Most of us use plastic for our purchases because of the ease and convenience it offers, so understanding how to safeguard our cards is more important than ever as we move towards a cashless society.
The Sunday Times highlights two scenarios relating to credit card disputes provided by the Financial Industry Disputes Resolution Centre (Fidrec).
Case 1: Financial institution wins
Mr Tommy Lim (not his real name) went to a pub one evening and stayed till the wee hours. At 3am, a tipsy Mr Lim paid for his drinks using one of his credit cards.
He took a taxi home and slept for the next 10 hours. Upon waking up at 2pm, he found that his credit card was missing. He immediately made a police report and called his bank to report the loss.

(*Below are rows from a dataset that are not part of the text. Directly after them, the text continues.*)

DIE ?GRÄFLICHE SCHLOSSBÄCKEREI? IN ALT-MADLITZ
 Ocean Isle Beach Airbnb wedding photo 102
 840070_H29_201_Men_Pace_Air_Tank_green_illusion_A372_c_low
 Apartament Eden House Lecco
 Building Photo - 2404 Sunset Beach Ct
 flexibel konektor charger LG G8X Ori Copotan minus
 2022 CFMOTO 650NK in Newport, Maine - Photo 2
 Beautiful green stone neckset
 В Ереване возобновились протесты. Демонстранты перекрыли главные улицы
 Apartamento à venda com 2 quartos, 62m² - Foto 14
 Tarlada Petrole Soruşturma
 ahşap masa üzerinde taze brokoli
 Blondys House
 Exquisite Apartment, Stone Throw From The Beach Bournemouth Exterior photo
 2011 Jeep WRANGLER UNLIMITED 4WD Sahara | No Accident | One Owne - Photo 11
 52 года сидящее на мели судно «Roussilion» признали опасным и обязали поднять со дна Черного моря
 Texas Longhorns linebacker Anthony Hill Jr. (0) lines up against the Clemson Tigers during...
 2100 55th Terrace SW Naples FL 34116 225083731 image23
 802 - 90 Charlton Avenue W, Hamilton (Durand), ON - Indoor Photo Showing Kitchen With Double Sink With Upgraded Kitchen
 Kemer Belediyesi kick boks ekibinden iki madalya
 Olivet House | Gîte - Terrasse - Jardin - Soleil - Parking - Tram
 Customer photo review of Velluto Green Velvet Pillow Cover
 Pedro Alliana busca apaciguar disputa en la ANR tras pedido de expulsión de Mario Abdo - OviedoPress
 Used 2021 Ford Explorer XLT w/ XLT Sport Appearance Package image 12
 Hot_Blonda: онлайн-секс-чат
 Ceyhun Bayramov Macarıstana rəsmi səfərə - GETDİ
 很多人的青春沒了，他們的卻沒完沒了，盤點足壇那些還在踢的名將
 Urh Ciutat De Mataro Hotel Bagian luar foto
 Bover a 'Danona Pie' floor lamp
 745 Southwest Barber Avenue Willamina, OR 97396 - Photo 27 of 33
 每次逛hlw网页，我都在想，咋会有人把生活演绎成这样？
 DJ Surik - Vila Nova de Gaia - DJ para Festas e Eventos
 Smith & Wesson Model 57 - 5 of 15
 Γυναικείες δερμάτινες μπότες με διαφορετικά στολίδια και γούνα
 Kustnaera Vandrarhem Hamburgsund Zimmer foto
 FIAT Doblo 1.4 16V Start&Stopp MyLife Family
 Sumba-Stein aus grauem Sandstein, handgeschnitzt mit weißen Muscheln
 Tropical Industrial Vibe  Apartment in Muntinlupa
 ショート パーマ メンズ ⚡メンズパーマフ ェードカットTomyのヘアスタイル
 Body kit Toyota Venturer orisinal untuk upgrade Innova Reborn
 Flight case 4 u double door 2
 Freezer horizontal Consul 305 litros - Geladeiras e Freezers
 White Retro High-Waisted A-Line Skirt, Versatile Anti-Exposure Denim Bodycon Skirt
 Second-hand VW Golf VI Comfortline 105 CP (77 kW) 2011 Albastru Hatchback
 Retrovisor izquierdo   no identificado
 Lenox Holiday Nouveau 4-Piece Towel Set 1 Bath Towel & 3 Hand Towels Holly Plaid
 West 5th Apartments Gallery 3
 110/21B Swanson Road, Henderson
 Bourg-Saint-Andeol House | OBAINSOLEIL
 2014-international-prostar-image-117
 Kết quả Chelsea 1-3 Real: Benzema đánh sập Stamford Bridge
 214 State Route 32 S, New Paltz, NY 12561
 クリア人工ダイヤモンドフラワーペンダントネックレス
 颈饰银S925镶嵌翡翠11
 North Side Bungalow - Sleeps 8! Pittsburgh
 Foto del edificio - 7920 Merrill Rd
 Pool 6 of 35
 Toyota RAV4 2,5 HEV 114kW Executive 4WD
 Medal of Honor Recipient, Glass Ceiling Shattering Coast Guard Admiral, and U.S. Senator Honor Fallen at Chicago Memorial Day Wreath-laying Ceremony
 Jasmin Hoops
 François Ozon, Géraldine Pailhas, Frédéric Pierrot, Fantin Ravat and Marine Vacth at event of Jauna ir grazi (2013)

Meanwhile, in the period between 5am and 2pm, the thief had gone on a shopping spree with Mr Lim's card, buying jewellery to the tune of $7,000 at a 24-hour store.
The bank billed Mr Lim for the purchases. He disputed the bill.
MEDIATION: The bank offered to settle the matter with Mr Lim by giving him a 50 per cent "discount" which reduced the bill to $3,500. Mr Lim refused. He was only prepared to pay $100. He opted to have his case adjudicated at Fidrec.
WHAT MR LIM SAID: He pointed out that he had notified both his bank and the police of the loss or theft of his credit card as soon as he realised it. This was some 12 hours after it was lost. Therefore, he argued that he had satisfied a clause in the agreement made between the bank and him, that stated that his liability was limited to $100 if he had done precisely that.
WHAT THE BANK SAID: The bank countered that this could not absolve Mr Lim of liability. It argued that he had not demonstrated that the loss or theft of his credit card was not due to his negligence.
WHAT THE ADJUDICATOR SAID: The adjudicator ruled in favour of the bank, having found Mr Lim was unable to recount how his card went missing. It was not disputed that he was inebriated when he paid the bill with his credit card at the pub.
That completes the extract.